Un ritorno all’horror e al cinema classico
Pupi Avati, con il suo nuovo film ‘L’orto americano’, presentato all’81ª Mostra Internazionale d’Arte Cinematografica di Venezia e ora nelle sale dal 6 marzo, si immerge nuovamente nel genere horror, omaggiando i maestri del cinema italiano come Dario Argento e Mario Bava. Il regista sottolinea come il film sia un tributo al cinema con la C maiuscola, citando influenze di Alfred Hitchcock e del neorealismo italiano di Rossellini e De Sica. Avati evidenzia una certa nostalgia per un cinema di genere che, a suo dire, si è perso, sostituito da un approccio più autoriale e meno incline alla sperimentazione di generi specifici.
Trama e ambientazione: un thriller gotico nel dopoguerra
‘L’orto americano’ ci trasporta nella Bologna del dopoguerra, un’epoca di ricostruzione e speranza. Il protagonista, un giovane aspirante scrittore interpretato da Filippo Scotti, si innamora di Barbara, una nurse americana. La ricerca della donna lo conduce nel Mid West americano, dove scopre inquietanti segreti legati alla sua scomparsa.

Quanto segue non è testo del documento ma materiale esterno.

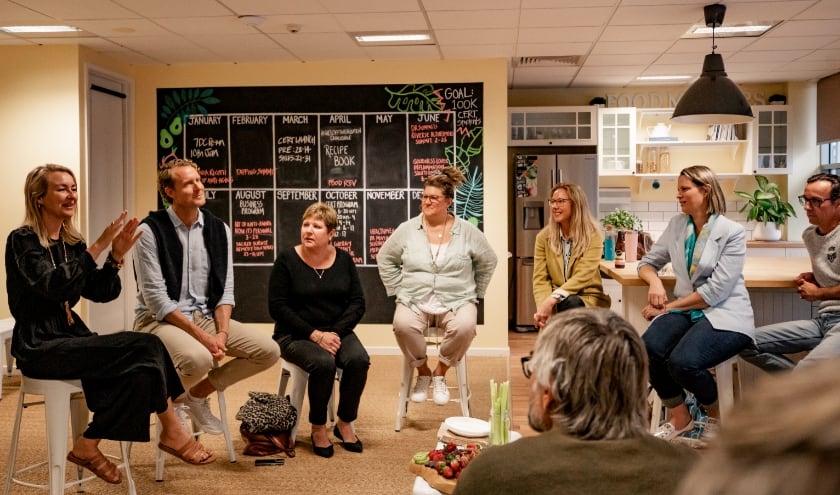 James and Laurentine with a group of people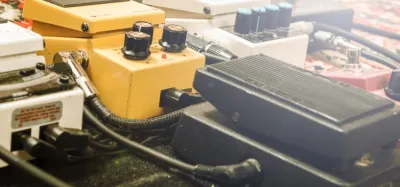 Tube distortion pedal with a glowing vacuum tube on a pedalboard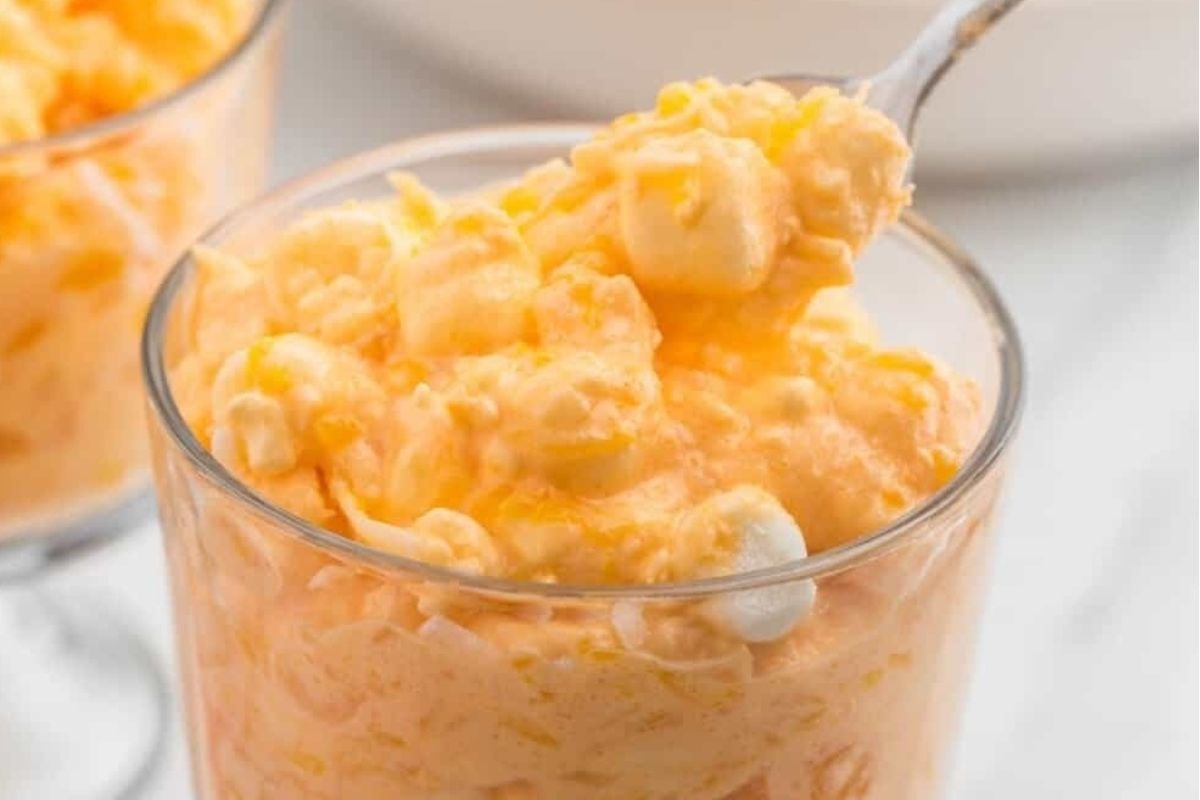 A spoonful of orange jello salad in a glass.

L’ambientazione gotica e misteriosa fa da sfondo a una storia di amore e terrore, in cui il protagonista si trova coinvolto in una pericolosa indagine su un possibile serial killer.
Un film gotico e una storia d’amore
Avati descrive ‘L’orto americano’ come una combinazione di elementi gotici e una profonda storia d’amore. Il regista paragona l’incontro del protagonista con Barbara a quello di Dante con Beatrice, sottolineando la forza di un amore improvviso e totalizzante. Avati rivela di aver disseminato il film di riferimenti al cinema americano degli anni Quaranta, creando un’atmosfera che omaggia il genere e le sue convenzioni.

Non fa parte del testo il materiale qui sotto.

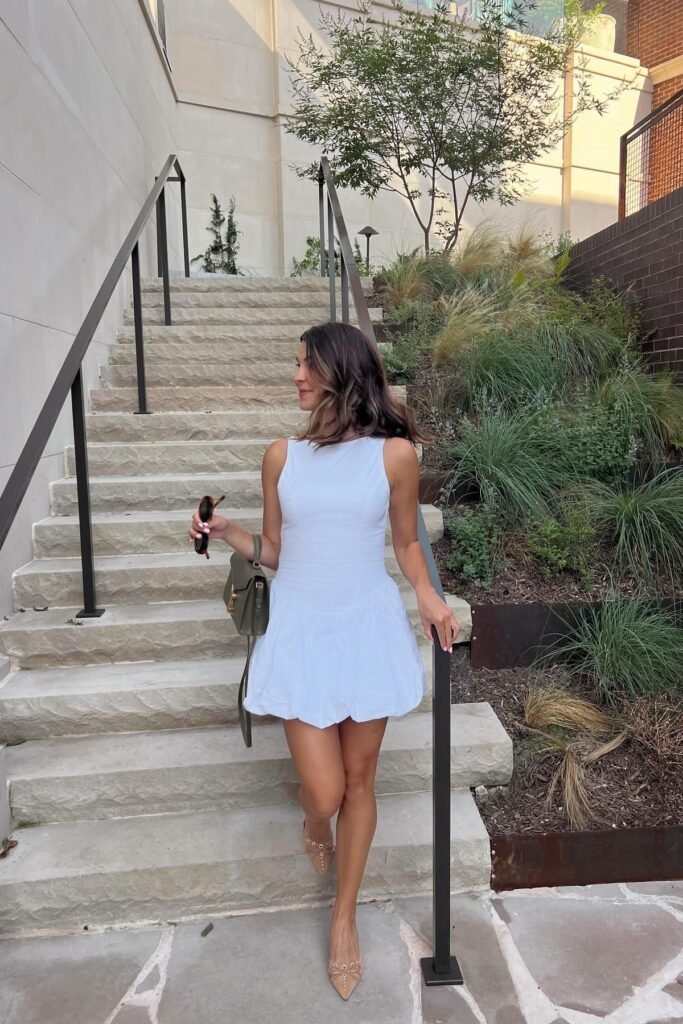 White Sleeveless Mini Bubble Dress + Olive Green Handbag + Tan Studded Pumps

La proposta di un ministero per il cinema e la crisi del settore
Pupi Avati torna a parlare della sua proposta di istituire un ministero per il cinema, con l’obiettivo di superare la crisi che affligge il settore. Pur riconoscendo l’accoglienza favorevole alla sua idea, Avati suggerisce la creazione di un’agenzia sul modello francese come alternativa più fattibile. Il regista sottolinea la necessità di rieducare il cinema italiano, promuovendo la realizzazione di film a basso budget ma di alta qualità. Avati evidenzia come ‘L’orto americano’, pur essendo ambientato tra Italia e America, sia stato realizzato con costi contenuti, dimostrando che è possibile fare cinema di qualità senza budget esorbitanti.
Cast e produzione
Il cast de ‘L’orto americano’ include, oltre a Filippo Scotti, Roberto De Francesco, Rita Tushingam, Armando De Ceccon, Chiara Caselli, Massimo Bonetti, Morena Gentile, Mildred Gustafsson, Romano Reggiani e un cameo di Ceccherini. Il film è una produzione Duea Film, Minerva Pictures con Rai Cinema, prodotto da Antonio Avati, Gianluca Curti e Santo Versace.

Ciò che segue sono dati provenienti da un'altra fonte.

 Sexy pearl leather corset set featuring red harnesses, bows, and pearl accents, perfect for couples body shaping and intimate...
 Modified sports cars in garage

Un’opera che invita alla riflessione
‘L’orto americano’ si presenta come un’opera complessa e stratificata, che intreccia elementi di genere con una profonda riflessione sul cinema e sulla società. Il film di Avati non è solo un omaggio al passato, ma anche un invito a ripensare il futuro del cinema italiano, promuovendo la creatività e l’innovazione senza dimenticare le radici e la tradizione.